The report said the retail inflation in the country has shown signs of moderation on the back of dip in core inflation, and contribution from the fuel and light basket.
"Retail inflation based on consumer price index (CPI) decreased from 4.85% in March 2024 to 4.83% in April 2024, marking it as the lowest rate in the past 11 months. The modest reduction in retail inflation in April 2024 was primarily due to a drop in core inflation (which excludes food, fuel and light), which reached a record low of 3.2%, the lowest since January 2014. The decline in core inflation in April was largely due to reduced inflation rates in various items including clothing, footwear, housing, household goods and services, health, education, recreation, amusement, transport and communication,” the ministry said in the report.

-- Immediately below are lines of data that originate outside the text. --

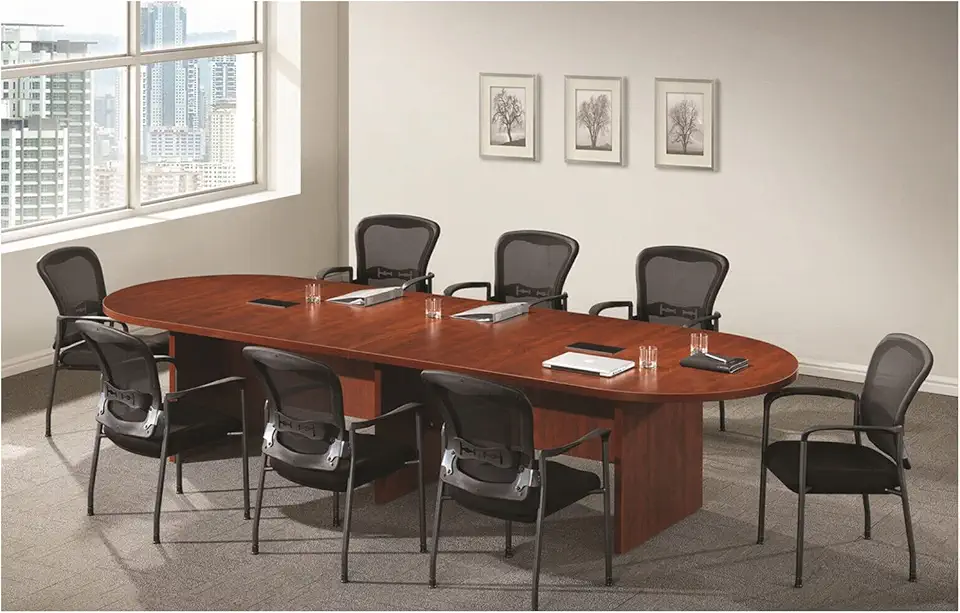 Thaweesuk Shop New 12FT Cherry Finishes Modern Executive Racetrack Shaped Conference Room Table Panel Legs Grommets Boardroom 2 Power Data Modules Black Office Meeting Laminate Oval Desk Hardwood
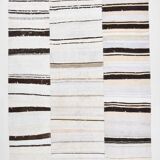 7x9 Brown Cream Striped Handmade Vintage Kilim Rug, 204x279Cm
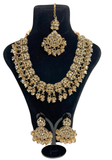 Parure indienne Roshni Champagne avec collier boucles tikka et coffret
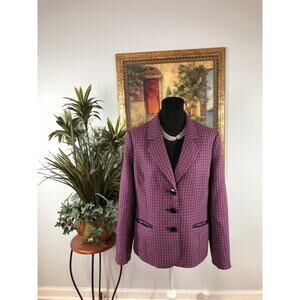 Le Suit Women Purple Black Tweed Jacket 12 Lapel Notch Collar Pockets 3 Buttons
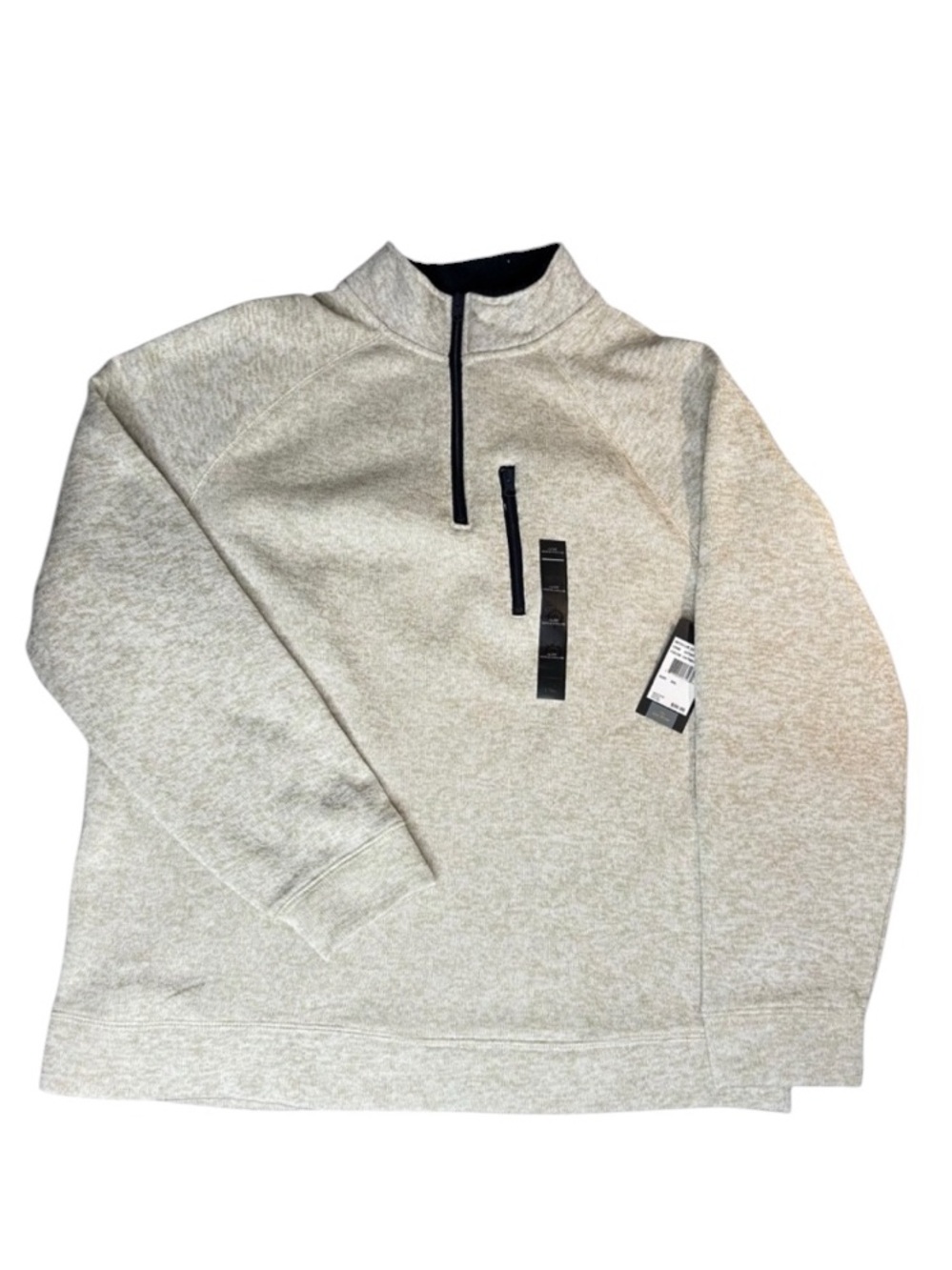 Old River Mens Quarter Zip Fleece Sweater Pull-over Oatmeal XXL Blue Trim NWT
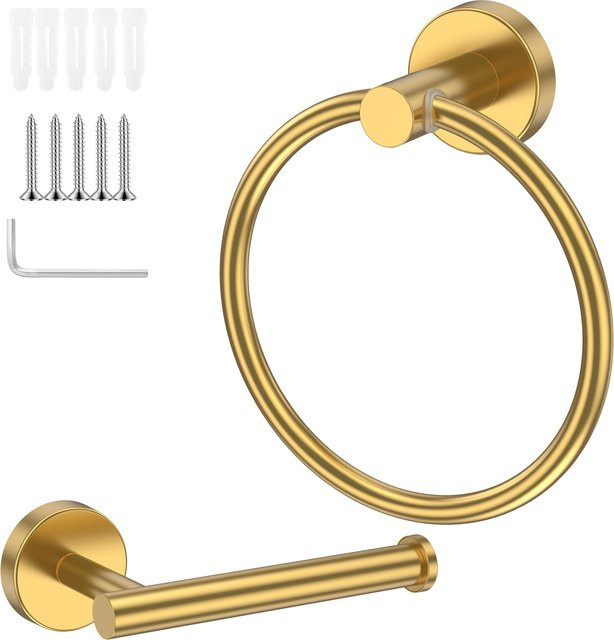 Handtuchringhaken und Toilettenpapierhalter für dein Badezimmer aus Edelstahl in Silber oder Gold zur Wandmontage - Bild 1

For the eighth month in a row, prices in the fuel and light group remained in the deflationary zone, the ministry said. It may be noted that in March, the government reduced the price of non-subsidised LPG by ₹100 per 14.2 kg cylinder. This price cut had a ripple effect in April too.
Government expects the wheat prices to come down. "Wheat price is expected to cool down by the current wheat procurement. Edible oils prices continued to remain in a deflationary zone. Most of the remaining essential commodities witnessed the softening of price pressures assisted by the slew of administrative measures taken by the government. The inflation trend for milk continued its decline over the past year. Sugar inflation saw a notable drop compared to the trends observed in the previous four months. Further, the sowing of summer crops is progressing favourably," the economic review pointed out.
"As of 10 May 2024, the area sown under the summer crops expanded by 8.9% compared to the corresponding period last year. Crops like rice, Shree anna coarse cereals, pulses and oilseeds contributed to the increased acreage. This would translate into augmented production," it said.